NEW YORK (AP) – Mural “Howard the Duck”, yang dilukis dengan cat semprot di lapangan bola tangan Lower East Side pada malam hari, memperlihatkan karakter kartun yang mengintip dari balik tong sampah dengan tulisan: “Grafiti adalah seni, dan jika seni adalah kejahatan, biarkan Tuhan mengampuni semuanya.”
Karya tahun 1978 itu membantu mendorong gerakan seni grafiti ilegal keluar dari kereta bawah tanah dan menjadi arus utama. Jadi wajar saja jika lukisan mural tersebut (aslinya dilukis sekitar tahun 1988) di atas kanvas menjadi bagian dari pameran besar seni grafiti yang dibuka pada hari Selasa di Museum Kota New York.
“Itu adalah rekaman yang terdengar di seluruh dunia,” kata pencipta Lee Quinones, yang juga dikenal dengan mereknya LEE. “Itu adalah sebuah gerakan yang membutuhkan manifesto visual. . Saya ingin membawa percakapan yang sulit dipahami di kereta bawah tanah ke dalam konteks yang hampir mirip dengan museum.”
Saat baru berusia 18 tahun, Quinones menjadi terkenal di kalangan generasinya karena meliput kereta bawah tanah 10 gerbong. Dia dan seorang seniman bernama Fab 5 Freddy termasuk orang pertama yang mendapatkan pengakuan galeri melalui pameran tahun 1979 di Roma.
Apa yang membuat pameran “Kota sebagai Kanvas” di New York unik adalah bahwa pameran ini hanya berfokus pada karya-karya dari kota yang dikumpulkan selama bertahun-tahun oleh seniman East Village Martin Wong, yang berteman dan dibimbing oleh banyak seniman grafiti, termasuk Quinones. bentuk seni mereka yang pernah memberontak. Koleksi lebih dari 300 karya Wong disumbangkan ke Museum Kota New York sebelum kematiannya pada tahun 1999.
Sekitar 150 orang mengikuti pameran yang berlangsung hingga 24 Agustus ini. Selain kanvas minyak “Howard the Duck”, yang dibuat Quinones untuk Wong, highlight lainnya termasuk koleksi label yang digambar dengan tinta yang dibuat oleh Wicked Gary, pendiri klub menulis grafiti pertama, Ex-Vandals, dan anggota dari sekelompok penulis bernama United Graffiti Artists yang merupakan orang pertama yang memamerkan karya mereka dalam suasana galeri.
Grafiti meledak di New York pada tahun 1970-an karena kereta bawah tanah – sebuah kanvas luas bagi para seniman muda pemberontak. Film dokumenter penting tahun 1983 “Style Wars” dan perhatian media lainnya berkontribusi terhadap penyebarannya di luar New York.
Namun hanya segelintir seniman grafiti remaja yang “melakukan apa yang kami sebut mahakarya, menutupi seluruh sisi kereta api,” kata kurator pameran, Sean Corcoran.
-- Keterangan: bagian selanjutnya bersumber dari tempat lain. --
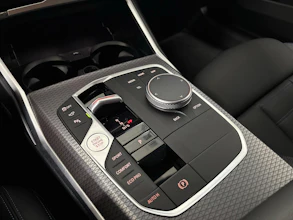 https://vehicle.imgix.net/4491658/be143c38-c80a-43f9-8545-fe1c558f398f.jpg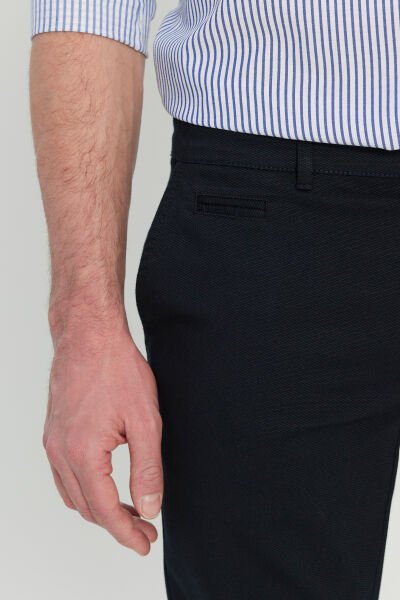 Altınyıldız ACE001252192 Siyah Erkek Slim Fit Yandan Cepli Kumaş Pantolon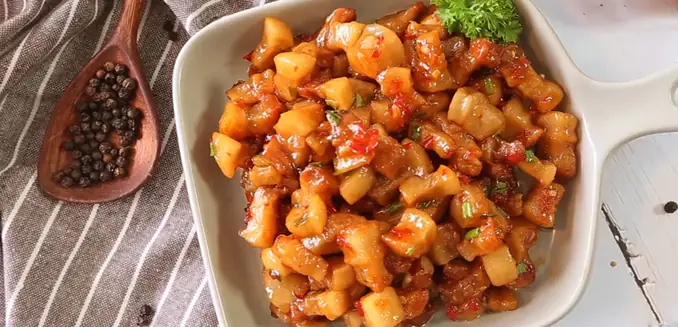 1. Tóp mỡ rim chua ngọt làm từ nguyên liệu gì?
Mereka termasuk DAZE (Chris Ellis), CRASH (John Matos), FUTURA 2000 (Leonard Hilton McGurr) dan LEE – semuanya seniman sukses saat ini – yang berhasil menghubungkan subkultur ke khalayak yang lebih luas berdasarkan bakat artistik mereka.
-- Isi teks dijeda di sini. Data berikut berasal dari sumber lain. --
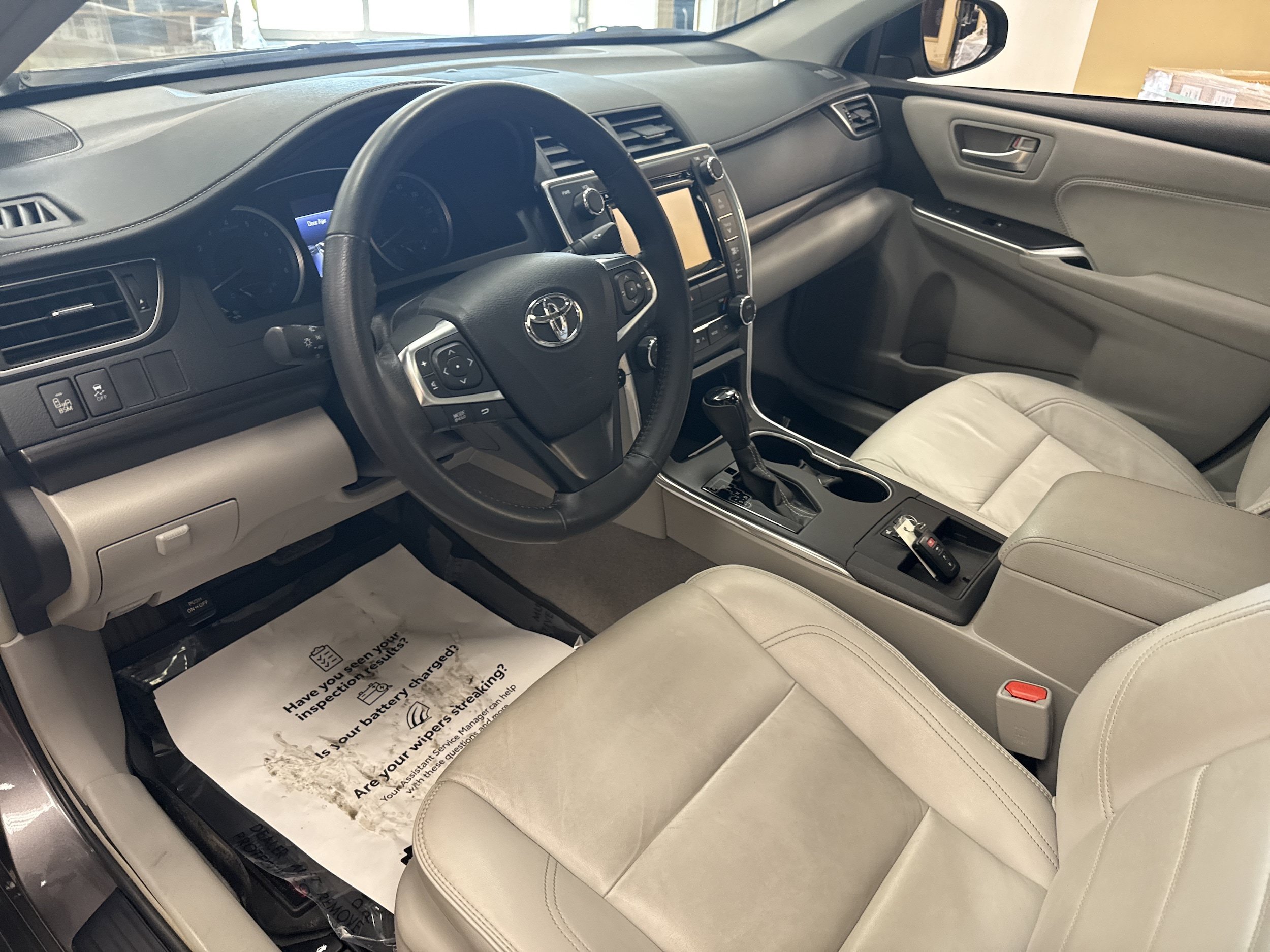 Used 2015 Toyota Camry XLE FWD image 41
Wong “memiliki pandangan ke depan untuk mengambil semua hal ini ketika tidak ada orang lain di New York yang secara serius memikirkannya,” kata Sacha Jenkins, seorang penulis dan pembuat film yang telah banyak menulis tentang gerakan grafiti.
Sebagai bukti meningkatnya kredibilitas grafiti sebagai sebuah bentuk seni, Corcoran menunjuk pada minat publik terhadap seniman jalanan Inggris yang sulit ditangkap, Banksy, dan protes atas tindakan kapur baru-baru ini terhadap kiblat seni aerosol Kota New York yang dikenal sebagai 5Pointz.
“Seni yang dipengaruhi grafiti berada di ambang terobosan baru,” kata Quinones. “Kami berada di puncak gelombang. ada sejumlah seniman, dan belum tentu mereka yang melukis di kereta bawah tanah” yang menganut gaya ini dan ditandatangani oleh galeri-galeri blue-chip.